● **About this exercise**
Take the records below and set down exactly the lines from the one with "A central solenoid" to the one with "Чыноўнікам на беларускім", ends included; do not copy the pictures.

● **Exercise materials**
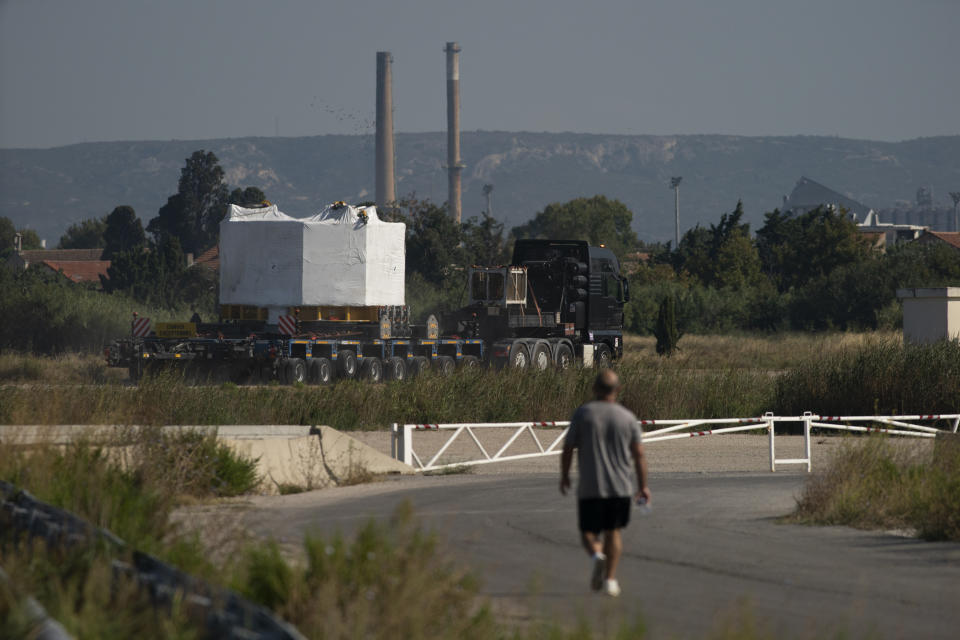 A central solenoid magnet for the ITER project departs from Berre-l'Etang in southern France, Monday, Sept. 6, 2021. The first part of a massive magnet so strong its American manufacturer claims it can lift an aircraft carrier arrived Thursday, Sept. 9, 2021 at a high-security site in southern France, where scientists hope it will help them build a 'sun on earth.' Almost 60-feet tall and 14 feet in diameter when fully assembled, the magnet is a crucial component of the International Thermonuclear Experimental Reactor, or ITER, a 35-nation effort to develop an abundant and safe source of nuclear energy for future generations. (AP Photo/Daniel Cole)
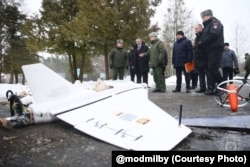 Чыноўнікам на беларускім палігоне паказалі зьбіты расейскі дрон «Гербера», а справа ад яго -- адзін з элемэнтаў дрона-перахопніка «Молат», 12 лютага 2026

--

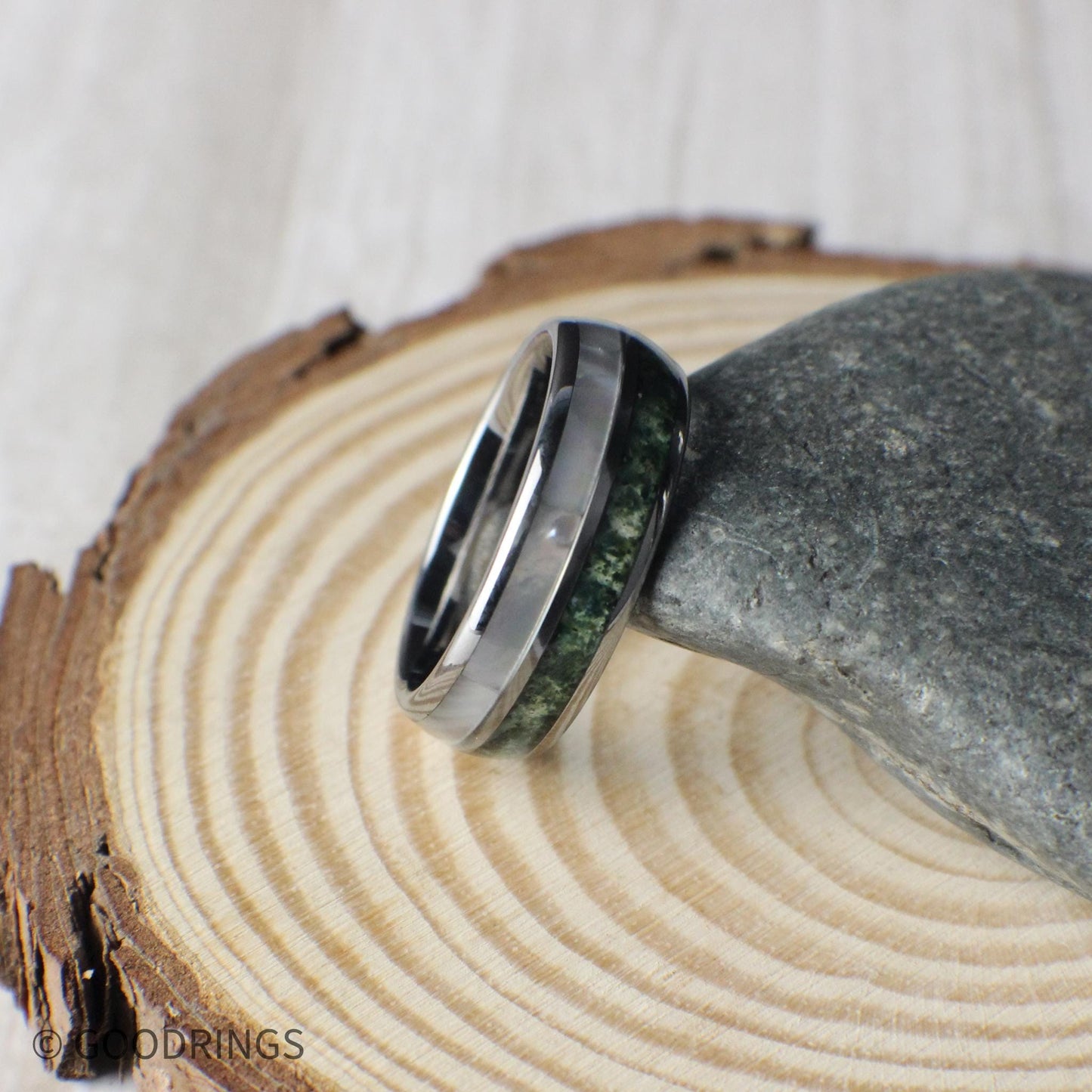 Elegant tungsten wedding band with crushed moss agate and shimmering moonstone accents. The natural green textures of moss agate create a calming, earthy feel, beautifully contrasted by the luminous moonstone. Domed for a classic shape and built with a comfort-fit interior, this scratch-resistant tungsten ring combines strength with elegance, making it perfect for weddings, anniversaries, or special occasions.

---

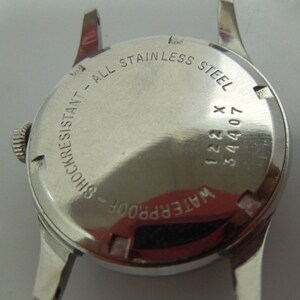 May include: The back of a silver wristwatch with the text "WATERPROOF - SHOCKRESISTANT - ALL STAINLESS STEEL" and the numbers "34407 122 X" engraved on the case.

● **Solution to this problem**
 A central solenoid magnet for the ITER project departs from Berre-l'Etang in southern France, Monday, Sept. 6, 2021. The first part of a massive magnet so strong its American manufacturer claims it can lift an aircraft carrier arrived Thursday, Sept. 9, 2021 at a high-security site in southern France, where scientists hope it will help them build a 'sun on earth.' Almost 60-feet tall and 14 feet in diameter when fully assembled, the magnet is a crucial component of the International Thermonuclear Experimental Reactor, or ITER, a 35-nation effort to develop an abundant and safe source of nuclear energy for future generations. (AP Photo/Daniel Cole)
 Чыноўнікам на беларускім палігоне паказалі зьбіты расейскі дрон «Гербера», а справа ад яго -- адзін з элемэнтаў дрона-перахопніка «Молат», 12 лютага 2026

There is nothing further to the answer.